WHAT YOU ARE ASKED TO DO: All of the records below need to be written out exactly, but without the pictures.

[Data entries]

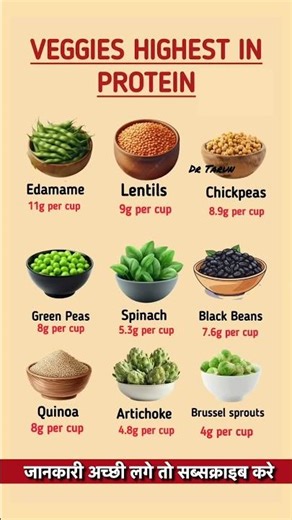 Top Vegetables Highest in Protein | Best Plant-Based Protein Sources #healthylifestyle #healthydiet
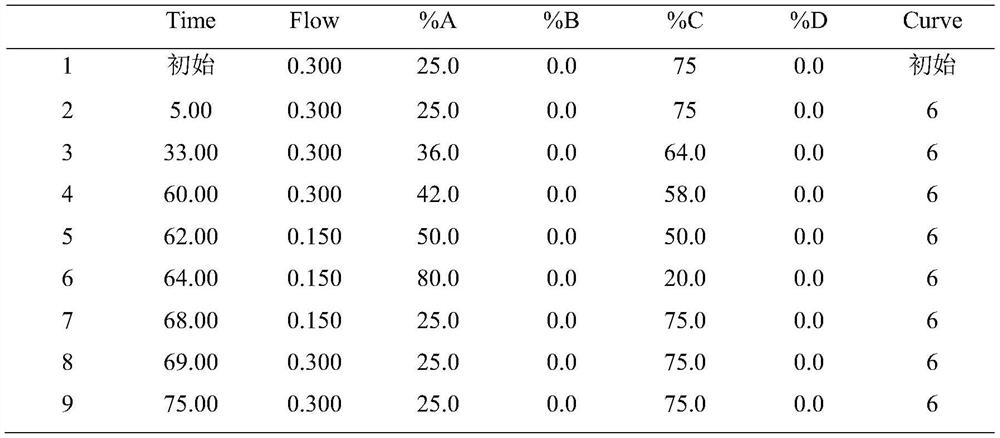 Glycoprotein N-sugar chain analysis method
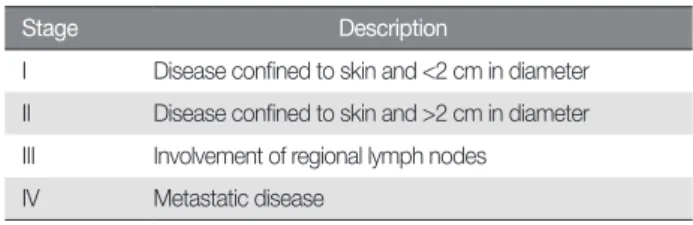 Table 2. Analysis of eight patients with Merkel cell carcinoma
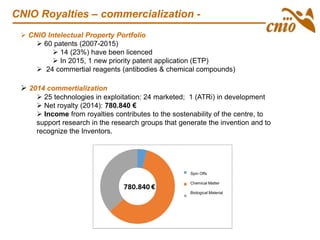 CNIO Royalties – commercialization -
 CNIO Intelectual Property Portfolio
 60 patents (2007-2015)
 14 (23%) have been licenced
 In 2015, 1 new priority patent application (ETP)
 24 commertial reagents (antibodies & chemical compounds)
 2014 commertialization
 25 technologies in exploitation: 24 marketed; 1 (ATRi) in development
 Net royalty (2014): 780.840 €
 Income from royalties contributes to the sostenability of the centre, to
support research in the research groups that generate the invention and to
recognize the Inventors.
Spin Offs
Chemical Matter
Biological Material
 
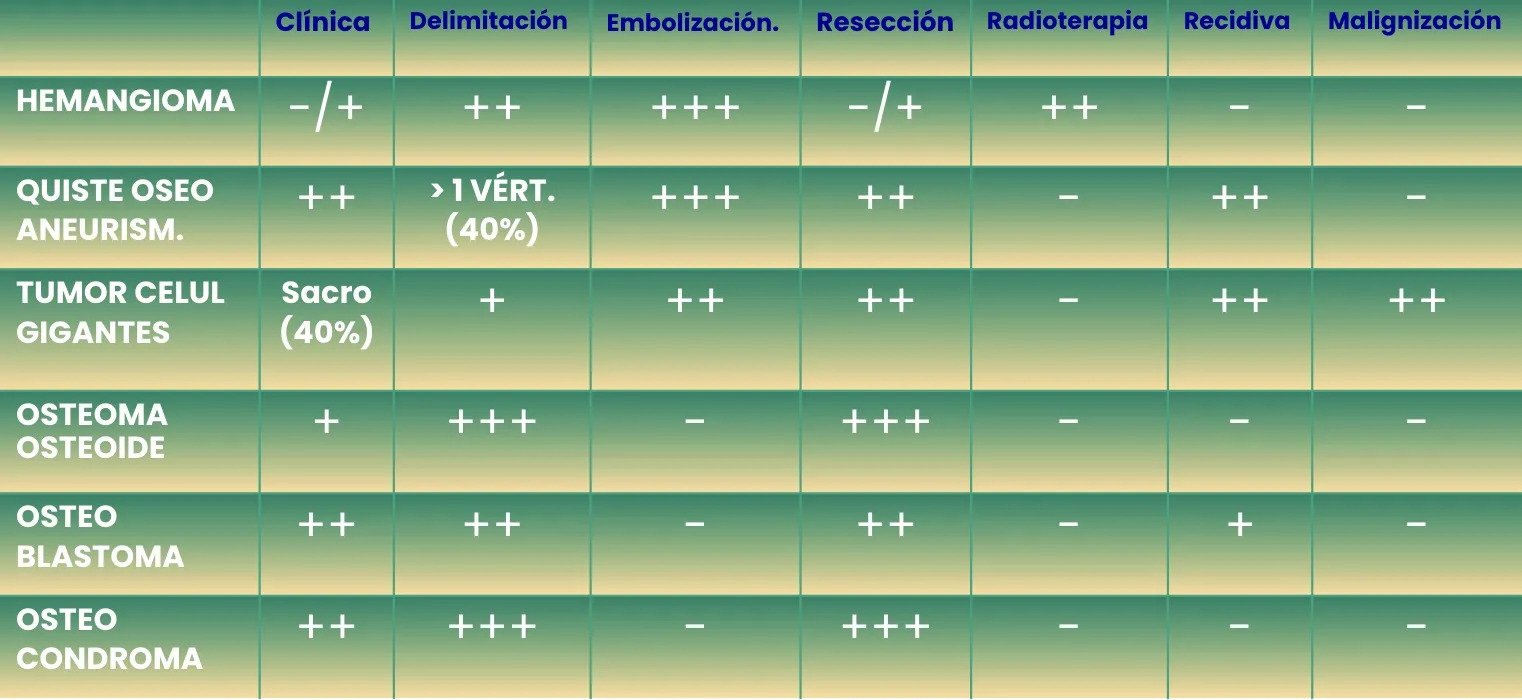 Figura 5.- Tumores benignos - Clasificación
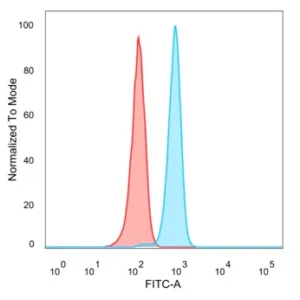 Flow Cytometric Analysis of PFA-fixed HeLa cells. BCL6 Mouse Monoclonal Antibody (PCRP-BCL6-1B1) followed by goat anti-mouse IgG-CF488 (blue); unstained cells (red).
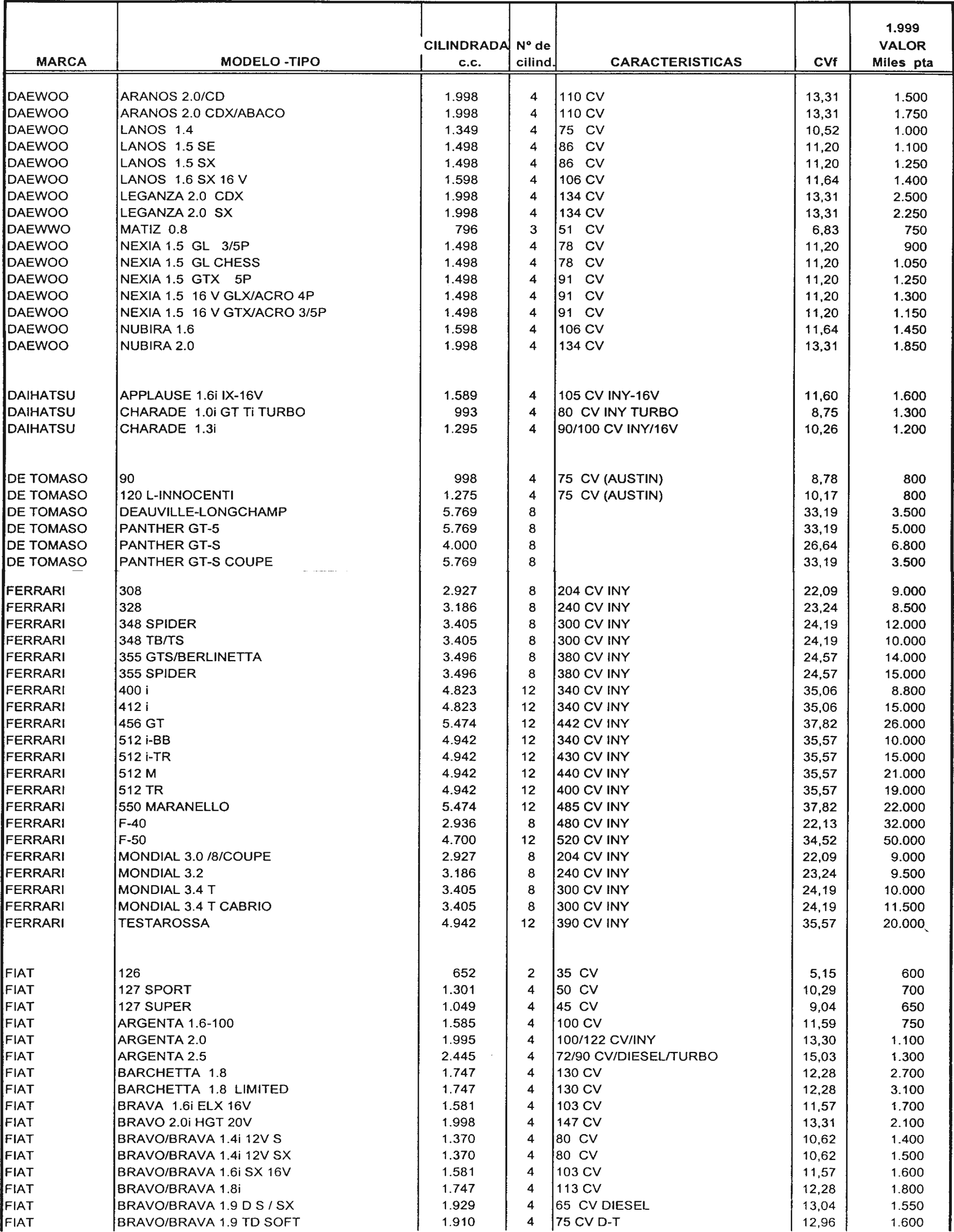 Imagen: /datos/imagenes/disp/1998/307/29720_7946047_image10.png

ANSWER:
 Top Vegetables Highest in Protein | Best Plant-Based Protein Sources #healthylifestyle #healthydiet
 Glycoprotein N-sugar chain analysis method
 Table 2. Analysis of eight patients with Merkel cell carcinoma
 CNIO Royalties – commercialization -
 CNIO Intelectual Property Portfolio
 60 patents (2007-2015)
 14 (23%) have been licenced
 In 2015, 1 new priority patent application (ETP)
 24 commertial reagents (antibodies & chemical compounds)
 2014 commertialization
 25 technologies in exploitation: 24 marketed; 1 (ATRi) in development
 Net royalty (2014): 780.840 €
 Income from royalties contributes to the sostenability of the centre, to
support research in the research groups that generate the invention and to
recognize the Inventors.
Spin Offs
Chemical Matter
Biological Material
 
 Figura 5.- Tumores benignos - Clasificación
 Flow Cytometric Analysis of PFA-fixed HeLa cells. BCL6 Mouse Monoclonal Antibody (PCRP-BCL6-1B1) followed by goat anti-mouse IgG-CF488 (blue); unstained cells (red).
 Imagen: /datos/imagenes/disp/1998/307/29720_7946047_image10.png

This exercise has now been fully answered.